At first, David Sloan struggled to get Li'L Guy's products on the shelves of the big grocery chains in St. Louis. The effort fell flat.

Then, one of his veteran salesmen tried a different tack. He lined up nearly 60 smaller stores that were starving for attention, and worked his way up. Soon, the bigger boys were drawn to the table for a taste.

Beginning Feb. 1, Li'L Guy will have its tortillas in National Supermarket locations in the St. Louis area and begin daily deliveries to St. Louis.

"It took us a while, but we were starting from the wrong angle," Christina Sloan said.

Big As Bread

Tortillas are one of the food success stories of the past 15 years. The Tortilla Industry Association estimates Americans ate 75 billion tortillas last year, not including tortilla chips.

Christina Sloan said she knew tortillas were big when she went out to a grocery store, trying to boost sales by offering exotic recipes using tortillas. But the shoppers had simpler uses in mind -- folded around beans and cheese for breakfast, even replacing bread for peanut butter and jelly sandwiches.

The rise in popularity of Mexican food, which should soon overtake Italian as the country's favorite ethnic cuisine, has brought new customers -- but new competition, too.

Large companies have built plants and spent big bucks to establish brand names. The Sloans may watch the big plants, but they aren't about to copy them.

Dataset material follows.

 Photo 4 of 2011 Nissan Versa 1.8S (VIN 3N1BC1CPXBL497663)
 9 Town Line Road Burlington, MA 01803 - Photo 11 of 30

Li'L Guy still starts the tortilla-making process by cooking corn in huge stainless steel tubs. The corn steeps in water for eight hours before it is ready to be ground, mixed and put into a machine that stamps out tortillas like cookies, and cooks them.

David Sloan said many of the national producers use corn flour as the base for their tortillas. They trade taste and what Silva calls "ethnic authenticity" for consistency and ease of production.

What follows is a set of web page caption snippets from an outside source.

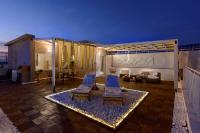 Posezení v ubytování City Skyloft - Top location & Private Roof Garden
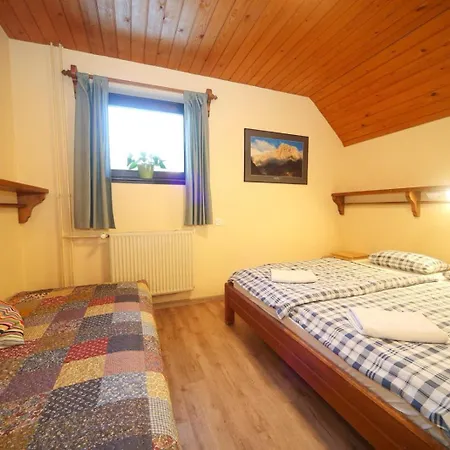 Planinska Koca Na Gozdu Affittacamere Kranjska Gora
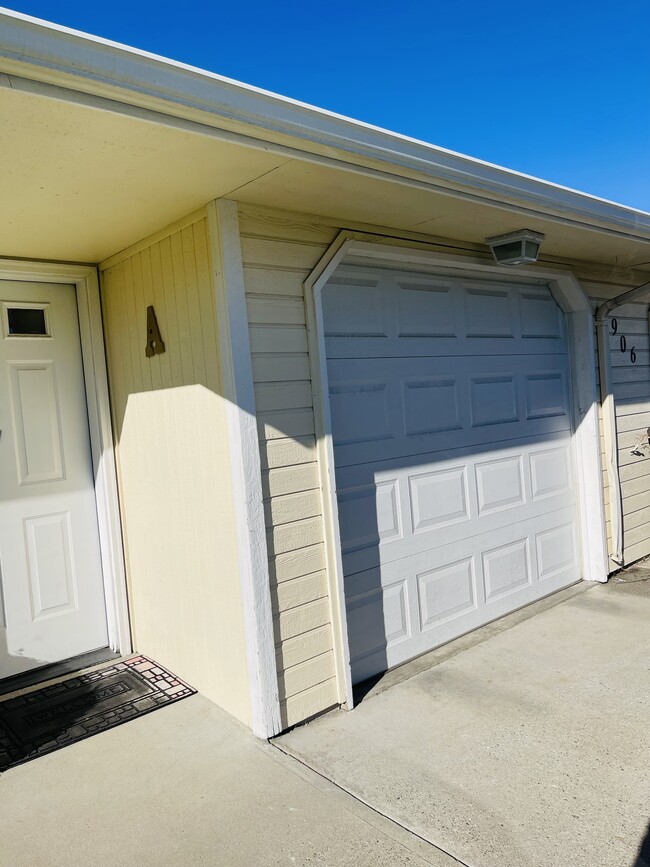 Garage Door - 906 N 34th Ave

Silva said there is a lot of product loyalty in the area market. Battles for sales among old-line Mexican food producers are contests of taste, not marketing firepower.

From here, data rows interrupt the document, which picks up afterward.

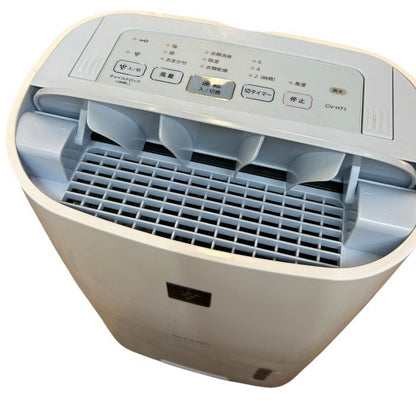 シャープ SHARP コンプレッサー式除湿機 プラズマクラスター搭載 ホワイト CV-H71-W 家電 除湿機 衣類乾燥 衣類消臭 梅雨 中古 W４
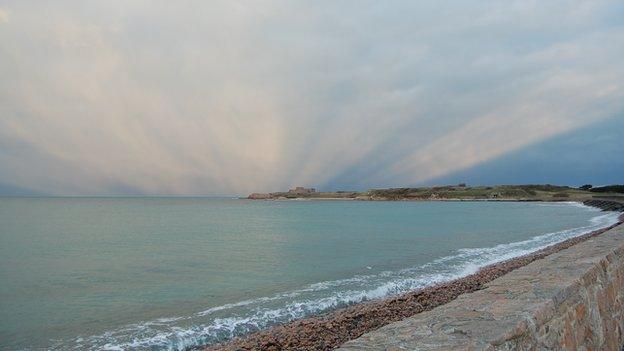 The Beachwatch survey shows litter found on Guernsey's beaches is going down, whereas in the UK it's rising.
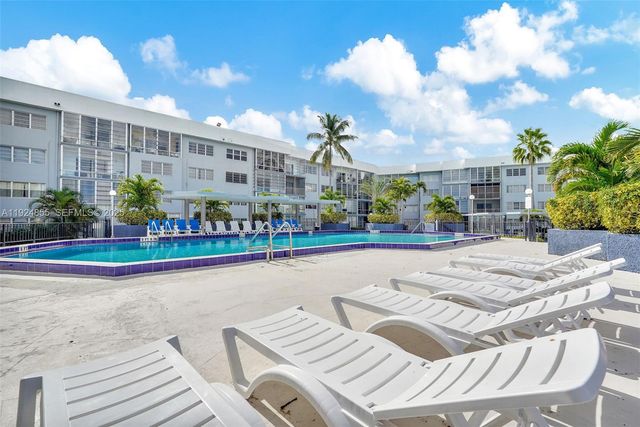 879 NE 195th St 424, Miami, FL 33179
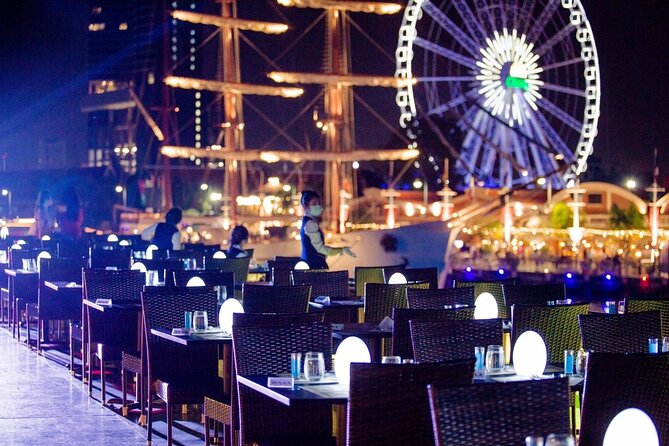 Royal Princess Dinner Cruise: Bangkok Chao Phraya River - Live music and cabaret entertainment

"There's kind of a code," he said, "that you don't steal customers from each other, that the only way you take customers from another company is through the quality of the product."

By the same token, Christina Sloan said growth is no excuse for forgetting small customers. The company established a small cash-and-carry area in its office to cater to people who walk in the door wondering where to buy Li'L Guy tortillas or sauce.

And, though Li'L Guy has set rules for minimum order size, the rules aren't applied to existing accounts.

Li'L Guy still has customers that may take only $6 to $8 a week in new product, Christina Sloan said. The company keeps selling to these small accounts "because they're the ones who helped us get where we are."

"People have asked us, `What will you do when you're not the Li'L Guy anymore?'" Christina Sloan said. "We'll still be the Li'L Guy at heart."